Question

Length of the shadow of a 15 meters high pole is $ 5\sqrt 3 $ meters at 7’O clock in the morning. Then what is the angle of elevation of the Sun rays with the ground at that time?

Answer 1

Hint: Here, draw a figure based on the statements given in question. Assume θ as the angle of elevation, and apply the ratio of tan θ. Compare the value of tan θ obtained with standard angle, and find the angle of elevation.

Complete step-by-step answer:
For applying trigonometric methods and standard values one angle of the triangle must be equal to 90°. Also the perpendicular and base of a triangle depends on angle, but hypotenuse remains fixed as this is the side opposite to 90°. In above problem, for ∠ C, base is BC and perpendicular is AB; but for ∠ A, base is AB and perpendicular is BC.
 Let AB be the pole of height 15 m and BC be the shadow of the pole of length $ 5\sqrt 3 $ m.
Let θ be the angle of elevation of the Sun rays with the ground.

In triangle ABC,
For ∠ θ, Base = BC and Height = AB.
$ \tan \theta = \dfrac{{AB}}{{BC}} = \dfrac{{15m}}{{5\sqrt 3 m}} = \dfrac{3}{{\sqrt 3 }} = \sqrt 3 $
$ \Rightarrow $ tan θ = tan 60°
$\Rightarrow θ = 60° $ [tan 60° = √3]
Hence, the angle of elevation of the Sun rays with the ground is 60°.

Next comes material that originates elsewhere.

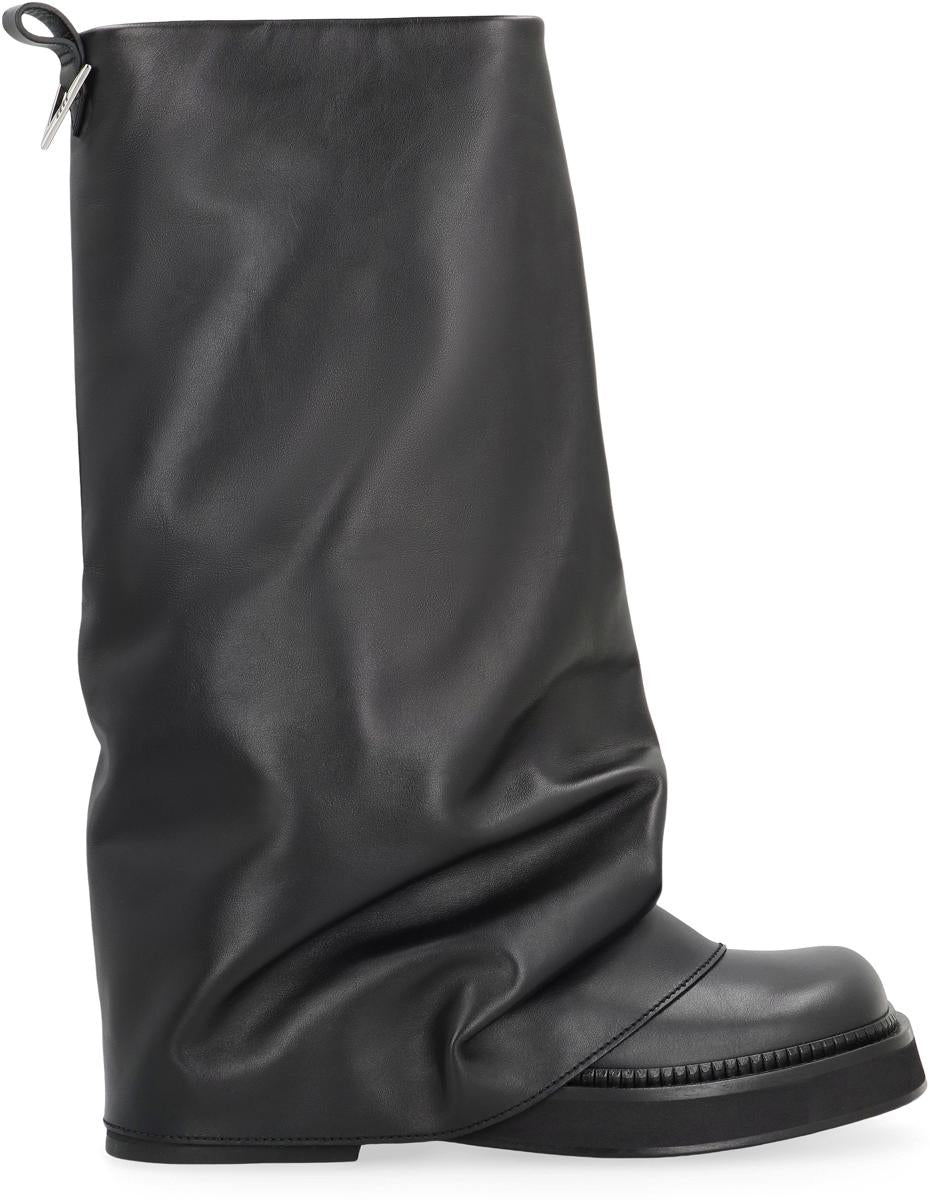 The Attico Robin Combat Leather Boots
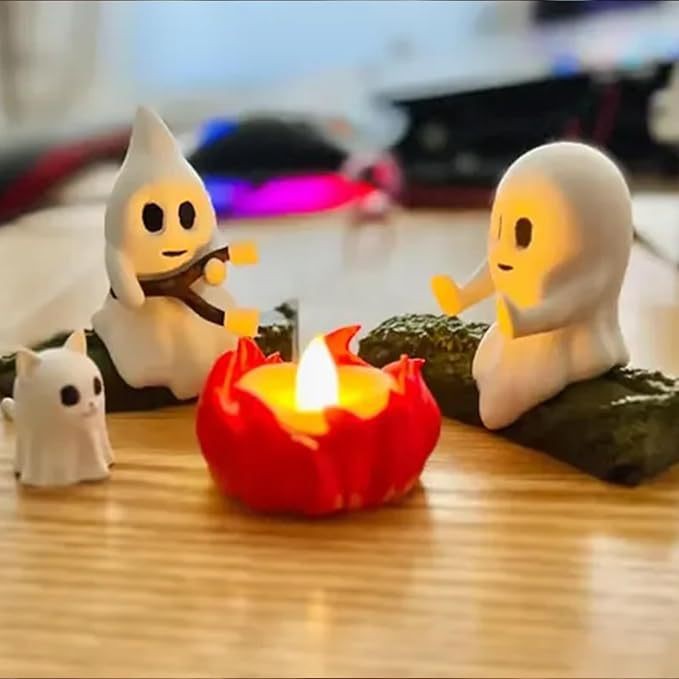 Cross-border new ghost bonfire party night light resin craft Halloween festival atmosphere decoration ornaments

Note: In these types of questions, always draw the rough figure to understand the question geometrically. Use trigonometric ratio as per convenience, i.e., first see which sides are given in question and use that trigonometric tool which includes both the sides. Here in this question, we can see that base and perpendicular are given with respect to angle; so we use here tan θ or cot θ.